Please output the records below in full, exactly as given, but without the images.

» Material supplied
┄┄┄┄┄┄┄┄┄┄┄┄┄┄┄┄┄┄┄┄
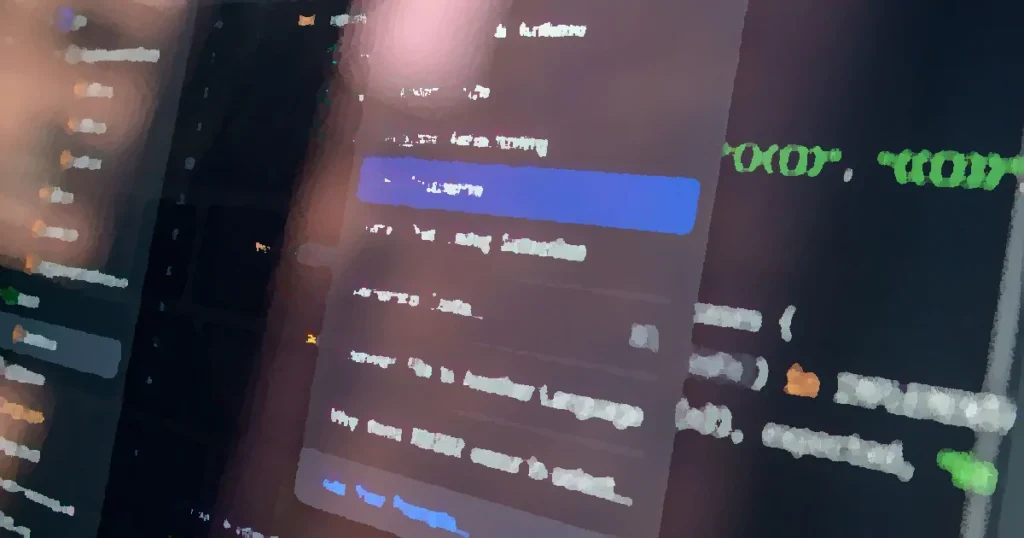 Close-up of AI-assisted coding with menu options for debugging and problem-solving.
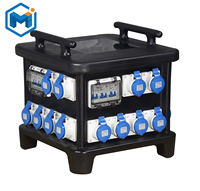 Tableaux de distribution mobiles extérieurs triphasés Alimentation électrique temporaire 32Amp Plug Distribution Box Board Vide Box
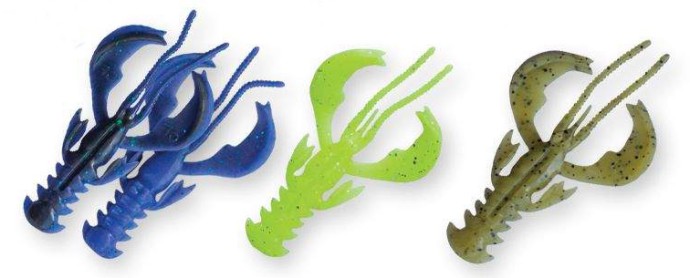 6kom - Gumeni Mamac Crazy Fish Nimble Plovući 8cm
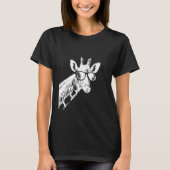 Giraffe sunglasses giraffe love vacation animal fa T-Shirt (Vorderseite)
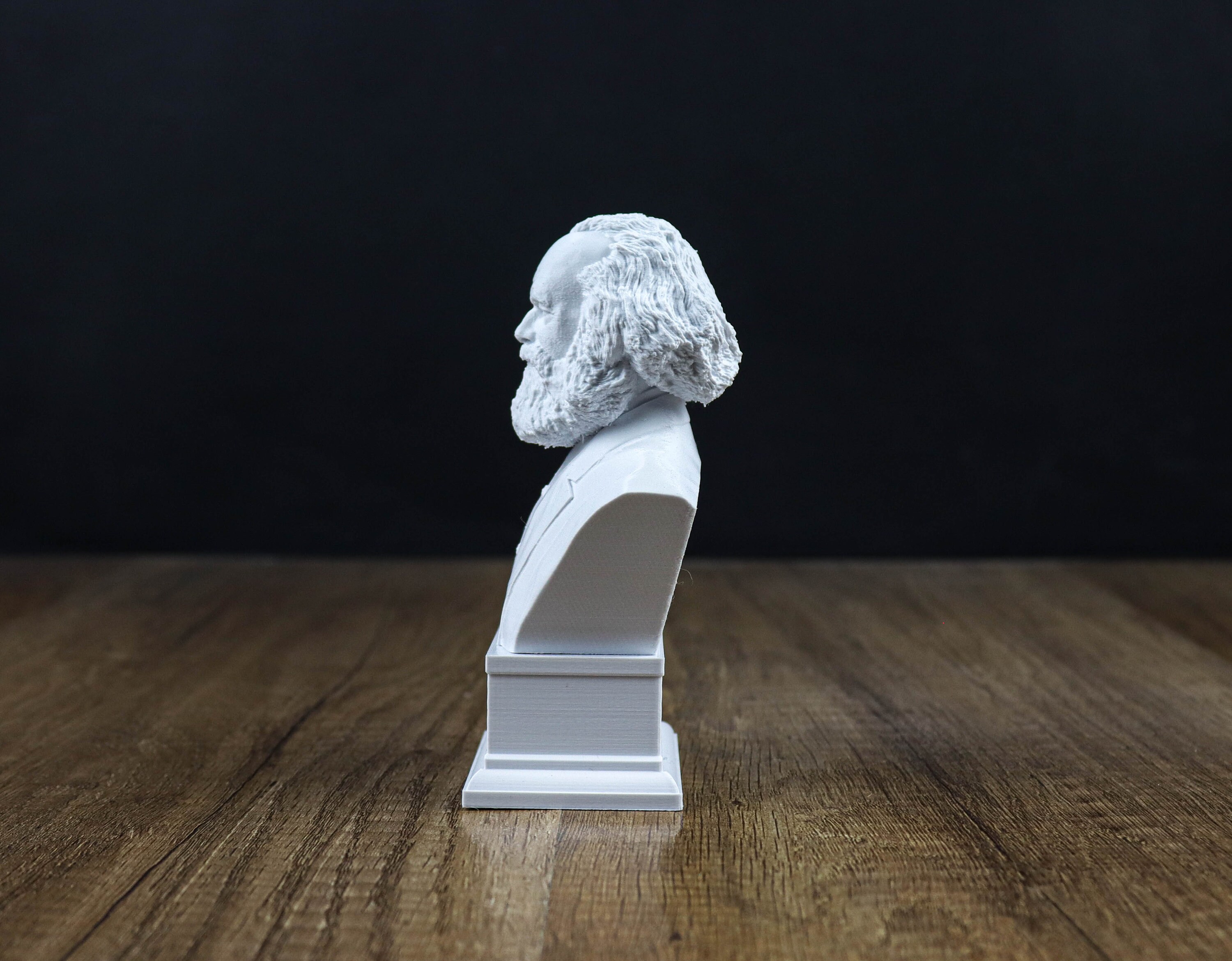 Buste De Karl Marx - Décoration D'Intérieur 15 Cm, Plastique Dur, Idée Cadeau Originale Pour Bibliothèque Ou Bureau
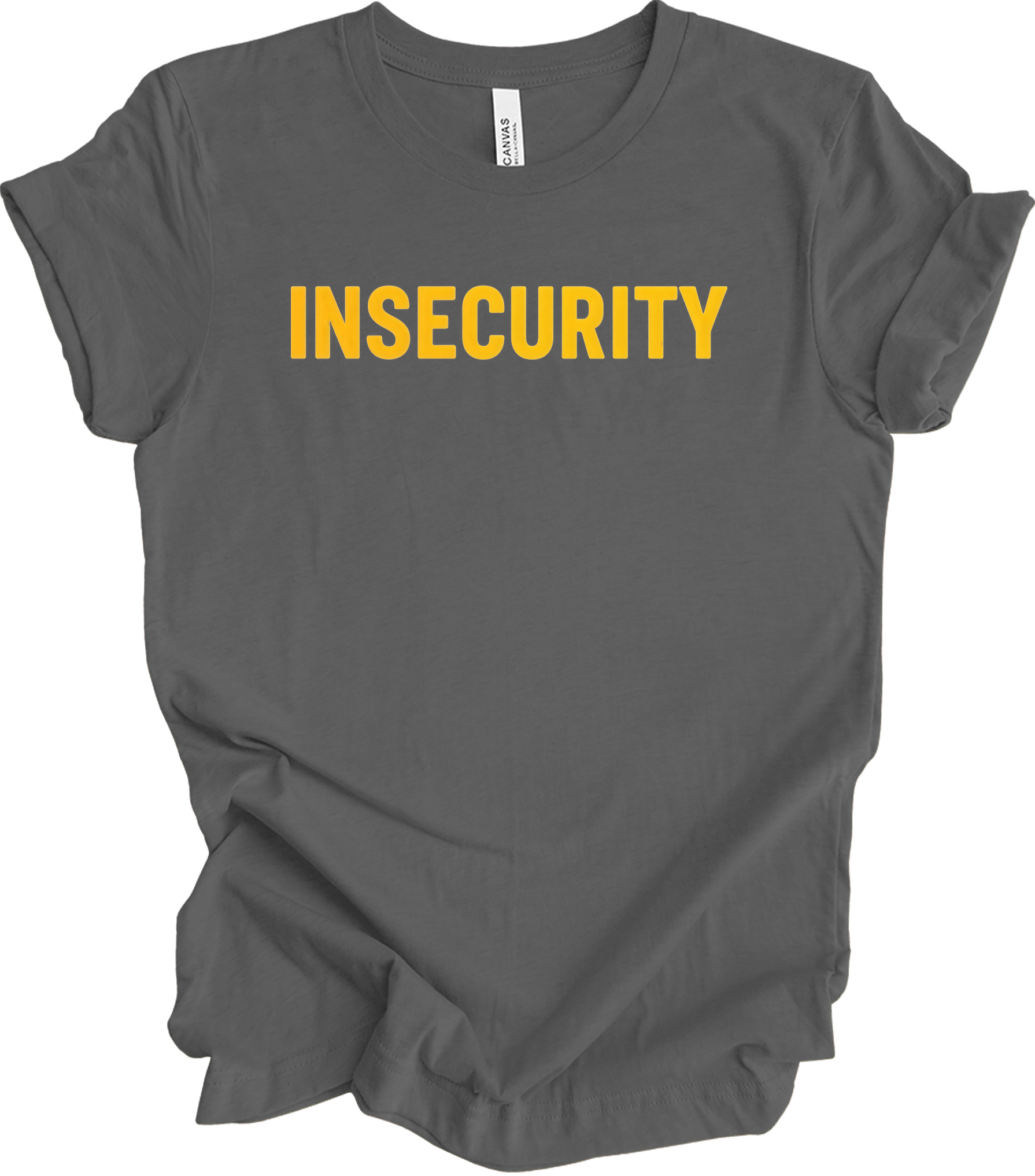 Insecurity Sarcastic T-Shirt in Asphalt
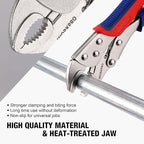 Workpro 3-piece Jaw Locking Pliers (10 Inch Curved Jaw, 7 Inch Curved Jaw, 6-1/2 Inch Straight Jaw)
┄┄┄┄┄┄┄┄┄┄┄┄┄┄┄┄┄┄┄┄
» Result for this exercise
 Close-up of AI-assisted coding with menu options for debugging and problem-solving.
 Tableaux de distribution mobiles extérieurs triphasés Alimentation électrique temporaire 32Amp Plug Distribution Box Board Vide Box
 6kom - Gumeni Mamac Crazy Fish Nimble Plovući 8cm
 Giraffe sunglasses giraffe love vacation animal fa T-Shirt (Vorderseite)
 Buste De Karl Marx - Décoration D'Intérieur 15 Cm, Plastique Dur, Idée Cadeau Originale Pour Bibliothèque Ou Bureau
 Insecurity Sarcastic T-Shirt in Asphalt
 Workpro 3-piece Jaw Locking Pliers (10 Inch Curved Jaw, 7 Inch Curved Jaw, 6-1/2 Inch Straight Jaw)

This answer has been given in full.